Ainsi signé : Par le roy, à la relacion du Conseil. A. Gontier. — Visa. Contentor. Rolant.


1 Maurice de Volvire, chevalier, seigneur de Rocheservière, Chaveil, Saint-Gervais, Nieul-sur-l’Autize, Châteauneuf en Thouarsais, mentionné à plusieurs reprises dans nos trois précédents volumes, était le fils puîné de Nicolas de Volvire, chevalier, baron de Ruffec, et de Marie de Bazoges. Le 9 juin 1455, il obtint de Louis de Beaumont, sire de La Forêt, sénéchal de Poitou, la mise à exécution des lettres de Charles VII du 29 octobre 1454, lui permettant de rétablir à Nieul les foires et marchés qui s’y tenaient avant les guerres. (Coll. dom Fonteneau, t. VIII, p. 187.) La pièce suivante (p. 189) du même recueil donne la copie de lettres royaux autorisant les poursuites entreprises par Maurice de Volvire contre Alain Drouart et les religieux de l’abbaye de Nieul-sur-l’Autize, qui avaient cessé de célébrer le service fondé dans la chapelle des Chabots par les seigneurs de ce nom, autrefois seigneurs de Nieul, et dans celle de la Vaudieu, presque tombée en ruine par la négligence ou la malice des religieux. Il a été question assez longuement, dans une note de notre t. XI (Arch. hist., t. XXXVIII, p. 102), du procès soutenu, de 1460 à 1467 au moins, par le seigneur de Rocheservière contre Alain IX et Jean II de Rohan, et Louis de Rezay, leur capitaine de la Garnache, procès dont l’origine était l’assiette d’une rente de 120 écus qu’Alain VIII, seigneur de la Garnache, s’était engagé à payer à Nicolas, sr de Ruffec, père de Joachim et de Maurice de Volvire. Ce dernier avait eu à souffrir, dans sa personne et ses biens, des excès de violences de Louis de Rezay et des autres officiers de Rohan à la Garnache. Dans un acte du 1er septembre 1467, il est qualifié conseiller et chambellan de Louis XI. (Coll. dom Fonteneau, t. VIII, p. 215.) Maurice de Volvire vivait encore le 12 septembre 1488, date d’une transaction qu’il passa au nom de son frère Renaud, seigneur de Champrignault, avec son neveu Jean de Volvire, baron de Ruffec, Catherine de Coëtivy, veuve d’Antoine de Chourses et autres, au sujet des terres et seigneuries de Saint-Maxire, la Saussaye et la Meilleraie, dont Jeanne de Volvire, dame de ces lieux, avait fait transport audit Renaud, son frère. (Id., ibid., p. 243.)
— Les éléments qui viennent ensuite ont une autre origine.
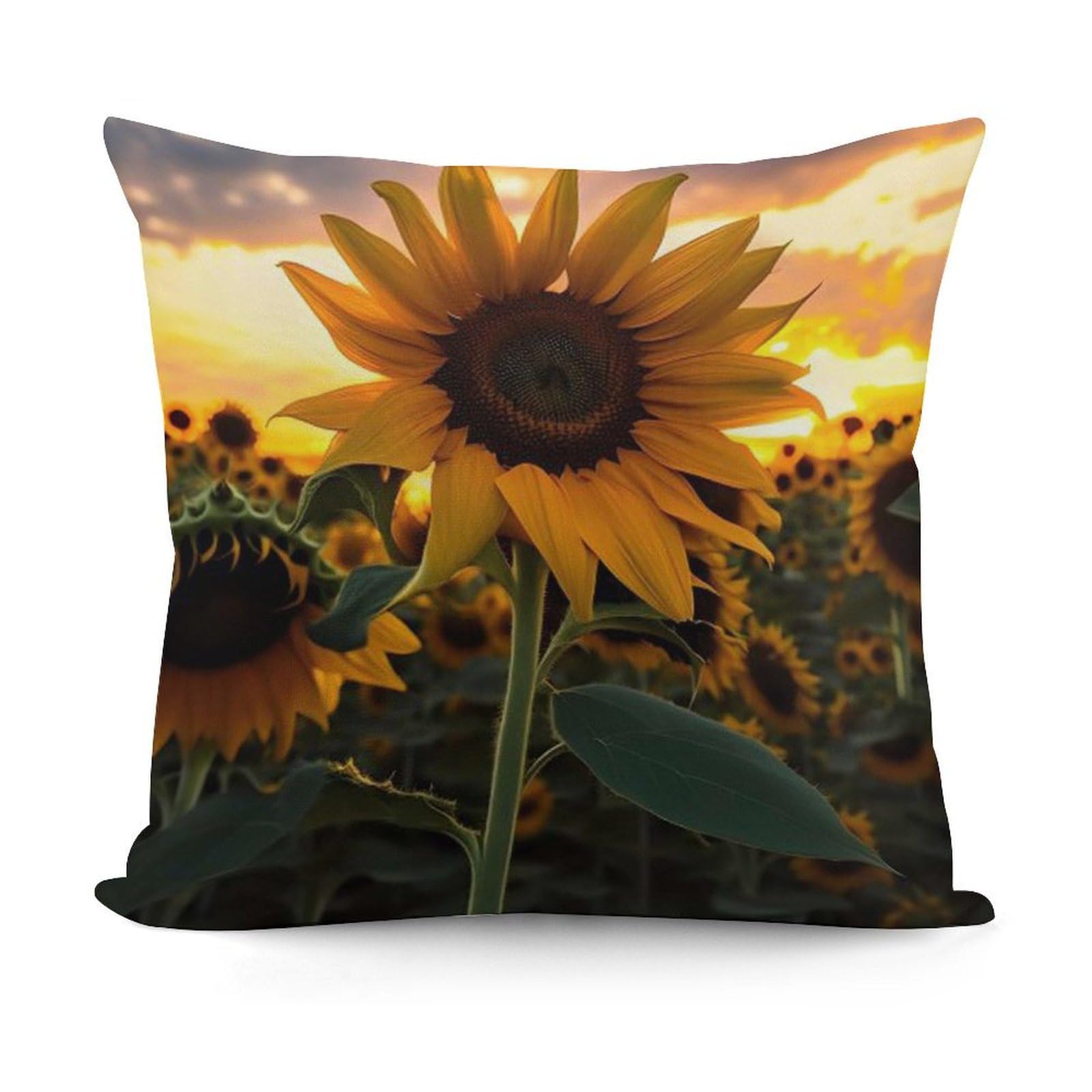 VstaDank Farm Sunflower Throw Pillow Covers Fade-Resistant Plush Pillow Case Cozy Square Cushion Case Removable Pillowcase Exquisite Pillow Shams Soft Pillow Protector 18"x18"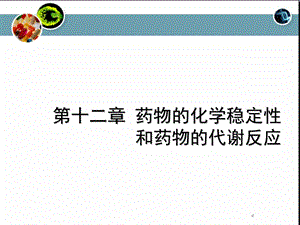 第12章药物的稳定性课件.ppt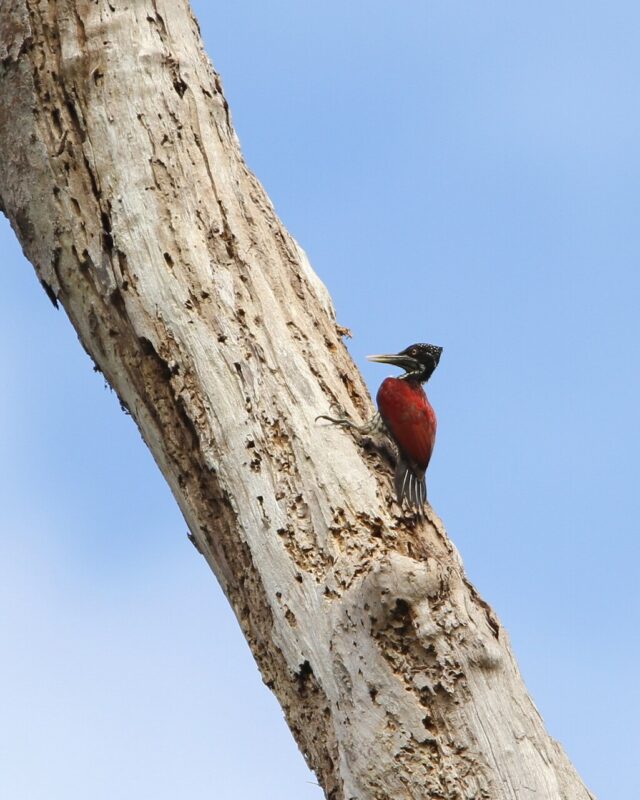 රත්පිට මහ-කෑරලා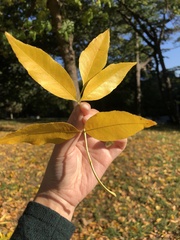 Fraxinus pennsylvanica
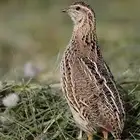 طيور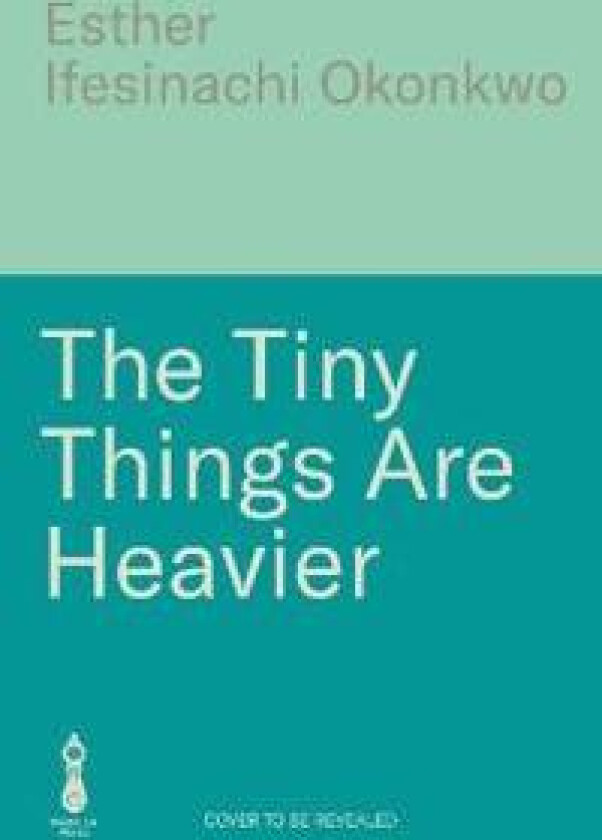 The Tiny Things Are Heavier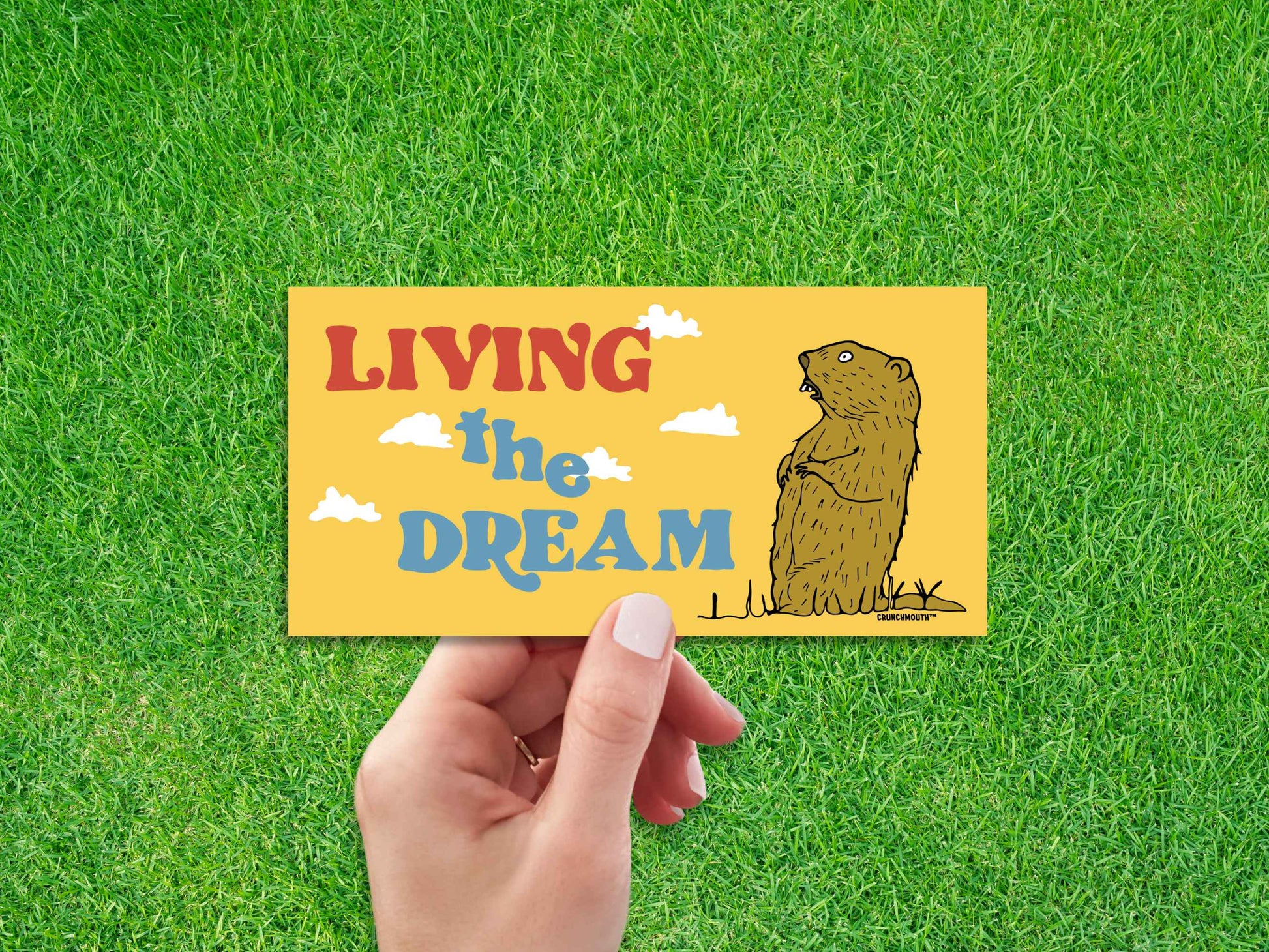 living the dream, funny groundhog bumper sticker, hand display, green grass background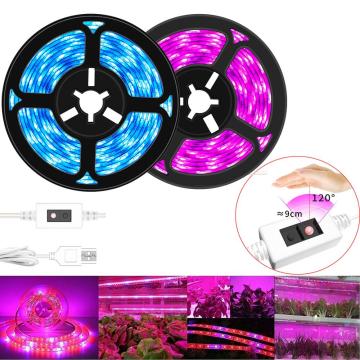 LEADLY Hand Sweep LED Grow Light Strip Full Spectrum USB Grow Light Strip 0.5/1/2/3 USB Plant Light 2835 Red Blue Planting Strip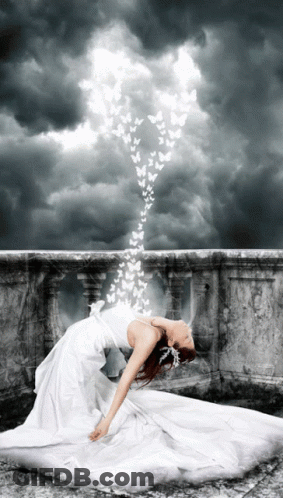 A Woman In A White Dress With A Bunch Of Butterflies Coming Out Of Her Dress GIF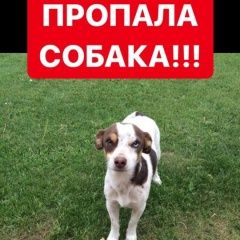 Подробнее об объявлении «Тольятти Пропала собака кобель» Фото: пропала собака Джек рассел терьер «Тольятти Пропала собака кобель» в г. Тольятти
2 Il n’y a pas concordance entre le millésime et l’année du règne : il faudrait corriger l’un ou l’autre, « mcccclxxiv » au lieu de : « mcccclxxv » ou : « de nostre règne le quinziesme » au lieu de : « quatorziesme ». Cette seconde correction est seule conforme à l’Itinéraire (Vaësen, de Mandrot, t. XI, p. 148 et 158) qui signale le roi à Paris pendant tout le mois de février 1475, n.s., et au Plessis du Parc pendant presque tout le mois de février 1476, n.s. [L.C.].